Le sommet enfin est proche, et la tension disparait presque tout à fait. Denise en pleine forme pousse presque Cabri et tout d'un coup, je le devine, ils sont au sommet. Avant de franchir la corniche terminale, je jette un long regard autour de moi, et malgré la joie d'en avoir fini, d'avoir gravi cette magnifique face nord, j'ai un court instant de tristesse, car je sais qu'après cela il me faudra retrouver un pays de brumes où les montagnes sont de vulgaires collines.

Le soleil est encore très haut lorsque toute la neige de la face sud des Jorasses m'éblouit de sa blancheur et du calme de ses pentes doucement régulières.

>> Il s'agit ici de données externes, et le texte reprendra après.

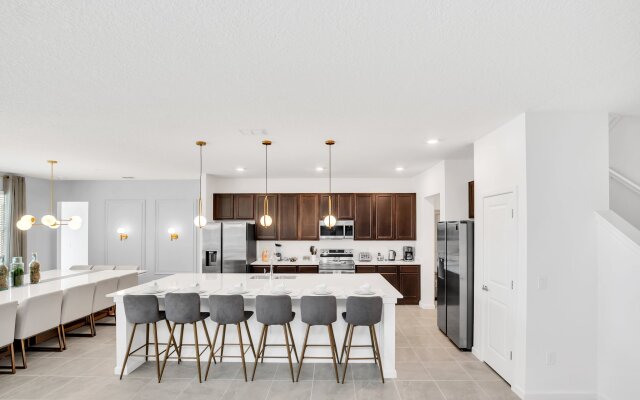 2505SHANTI, Kissimmee, US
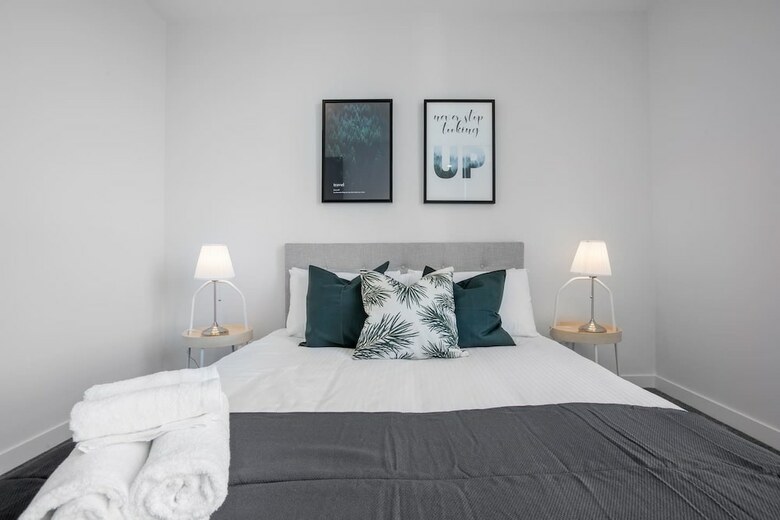 Elegant Apartment At Parkville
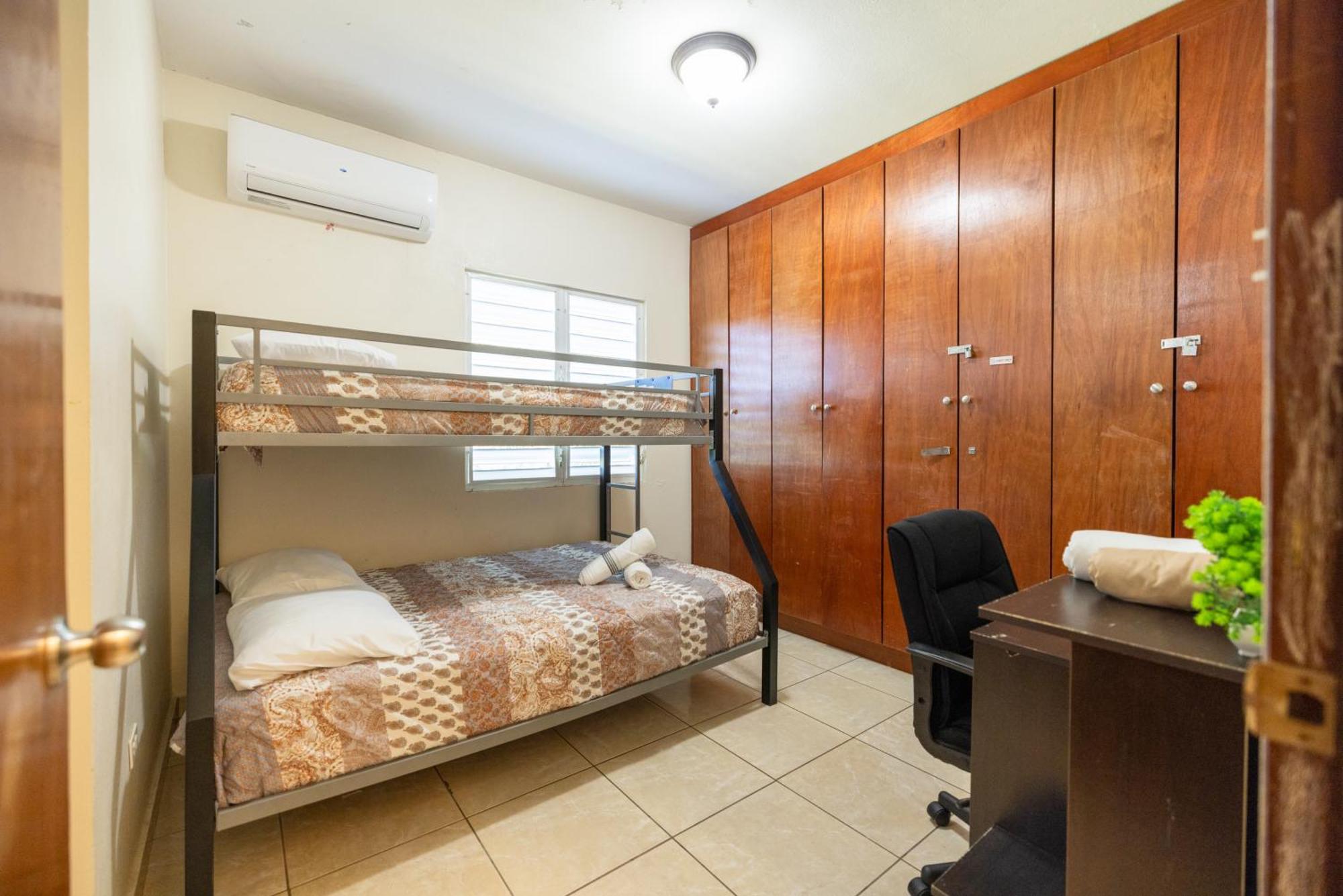 イサベラ Arenales Vacational Houseヴィラ エクステリア 写真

Une autre escalade prenait fin.


Cheminées rouges


Sommet : Habib et Eric Antoine Riboud et Jean-Louis Bernezat


  • * à 20 ans on s'écrase (le plus souvent à tort....) devant ses ainés : j'avais d'excellentes chaussures, mais avec des trous au niveau des orteils, avec lesquelles je venais de faire la face ouest des Drus sans problème. Denise et Cabri, considérant que je risquais de me geler les pieds, m'obligèrent à échanger une paire de chaussures neuves avec un guide faisant son service militaire à l'EHM (un ami de Michel Amoudruz avec lequel j'avais grimpé l'année précédente dans les Dolomites et de Jean-Louis Bernezat qui nous rattrapa au sommet de la Walker) contre deux mousquetons Allain bien usés. Du coup, elles m'ont rapidement fait mal et j'ai beaucoup moins bien grimpé que je n'aurai dû. Habib, qui, lui aussi, avait appris à s'écraser par nécessité (la guerre d'Algérie se terminait péniblement, Charonne avait eu lieu quelques mois auparavant et les ratonnades de l'OAS continuaient. Habib avait été "porteur de valises" du FLN et sa plus grande joie était d'être en montagne loin de tout ce merdier ) et moi furent également obligé d'accepter de prendre des vivres pour être capables de supporter un véritable siège et contre un vol en Alouette et une dépose sur le glacier de Leschaux (c'était sa première venue dans la vallée pour des essais), de ne pas dormir au refuge de Leschaux, mais de bivouaquer sous les fissures Allain-Rébuffat. C'est ainsi qu'alors que nous avions à peine terminé notre petit déjeuner, nous vîmes passer deux véritables T.G.V. : la cordée Devouassoux-Mazino qui sortit l'éperon dans la journée en 13 heures et les cordées suisses de Bron et Gamboni sur leurs talons. Quant aux Fissures Allain-Rébuffat, avec mes quelques 17/18 kilos sur le dos et le froid du matin, je me suis presque tétanisé les muscles. Avec au moins 10 kilos de plus qu'eux sur le dos, impossible de rattraper les T.G.V. ! Au matin du dernier bivouac, Habib et moi, qui avions servi de "porteurs d'altitude", avons jeté par-dessus bord, avec écœurement, quantité de victuailles et cartouches de gaz : nous aurions pu tenir facilement une semaine à quatre ! Nous faisions, je crois, la 25ème ascension de l'éperon depuis la première en 1938 (la seconde par un marseillais après Rébuffat) et il aura été gravi cet été là autant de fois que depuis sa première, lors d'un des plus bel été du siècle ! Malgré tout, je n'ai jamais regretté la manière dont nous l'avons gravi. Notre joie de faire cette superbe voie était la plus forte.